Hey, just back from the gym.

I did a new PB for deadlifts: 200kg. First lift went incredibly well, but stalled half-way on the second, so I gave up on it. Really pleased - my old PB was 180, but that was from ages ago and needed to be smashed! Just alternatively been neglecting deads and squats, even though they're probably my two best exercises after Leg Press, and had a lot of gym downtime with flat moves and job changes...and laziness.

My next target is to break my Squat record. It's currently 230kg, but I want a 250kg before Christmas.
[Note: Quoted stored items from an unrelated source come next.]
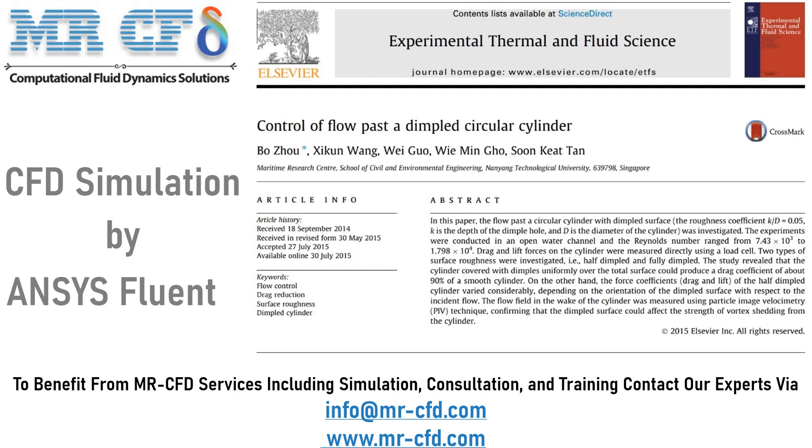In this project, we will numerically validate the data provided by the paper named control of low-past dimpled circular cylinder.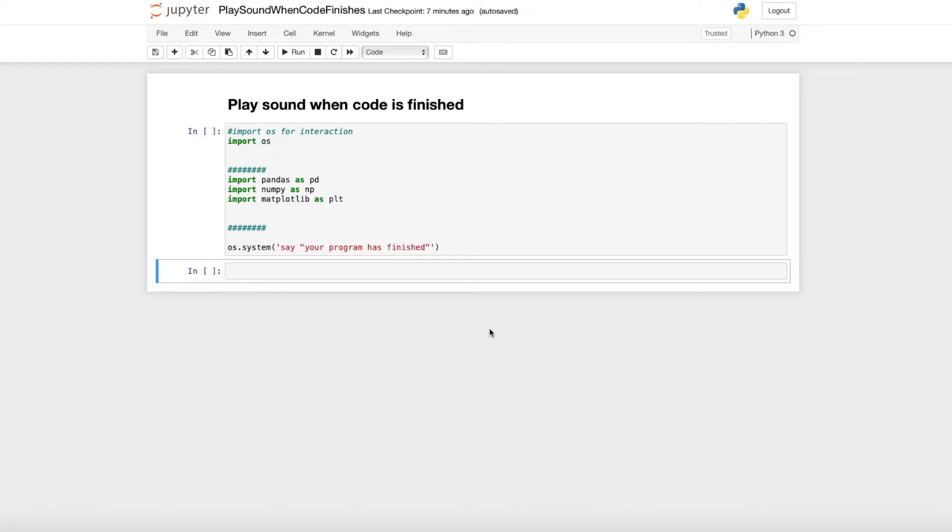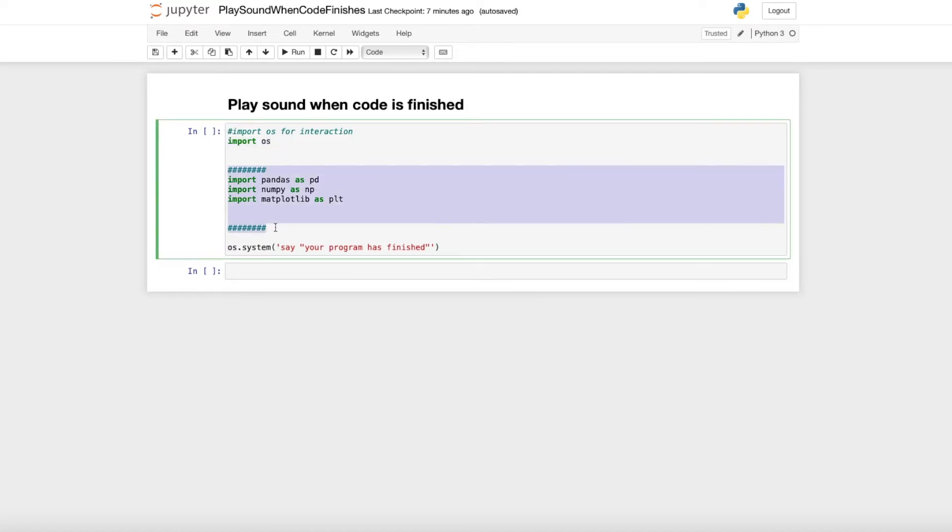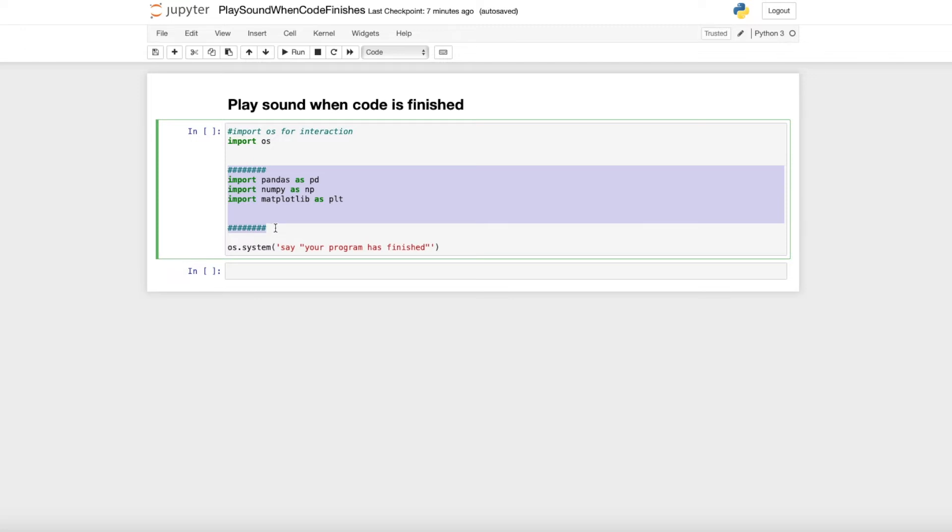Therefore you don't need to look on your screen and see when the star disappears here. For that you just need to import OS and you can put any code in there or any calculation. I just use this example to import some packages which needs some seconds and at the end you actually just need to type one line.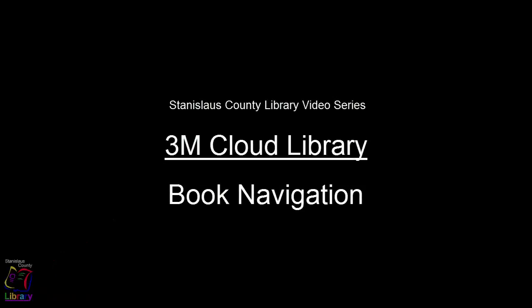Welcome to the Stanislaus County Library's video series on using the 3M Cloud Library for iPads, iPhones, and other iOS devices.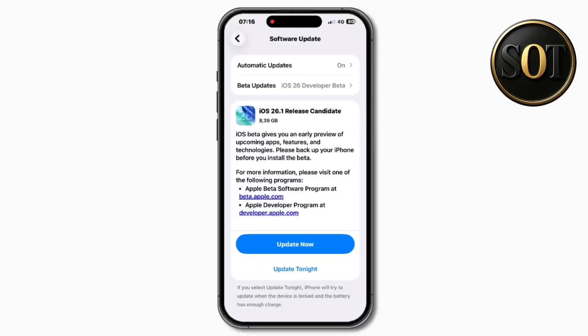Hey guys, today Apple released iOS 26.1 RC, or release candidate, to developers and soon to public beta testers. For developers, in what is now a weekly release, there are actually quite a few changes in this version, which we'll take a closer look at in this video.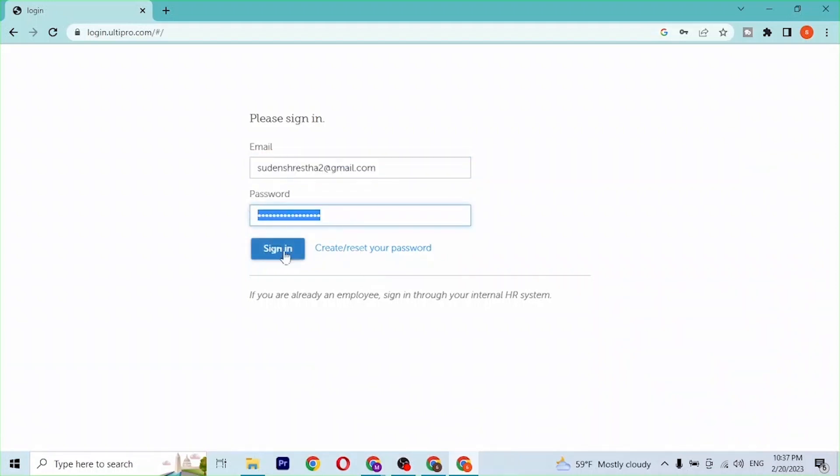After you have entered your email address and your password, simply click on 'Sign In' and then you will be able to log into your UltiPro account.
I did a comfortable 4 reps at 200kg on wednesday night, and I'm still getting back into them, so I think I'm on target.


----------



## big (Sep 14, 2004)

Well done dude


----------



## RAIKEY (Jun 30, 2005)

nice one Chris!


----------



## the_gre8t_1ne (Apr 18, 2005)

u the same guy I saw at the stars?

Nice 1 mate, im still deading 150kg


----------



## Timmy Smooth (Nov 24, 2004)

Safe, boys, safe. Anything involving legs I'm good at; it's my upper body pushing movements that lag behind.


----------



## Nytol (Jul 16, 2005)

Well done mate.


----------



## Robsta (Oct 2, 2005)

Nice one dude...


----------



## Truewarrior1 (Jan 27, 2005)

what a co-incidence, i broke my pb deadlift today with 220kg first attempt, but i am heavier n slightly younger than you.im dead happy about it.


----------



## big ash1436114517 (Jul 30, 2006)

nice one lad, i done 210kg yesterday, at 17 n 11months training so happy with that sorry


----------



## big pete (Mar 23, 2004)

excellent!!

those are some very respectable lifts!! what sort of bench are you pushing?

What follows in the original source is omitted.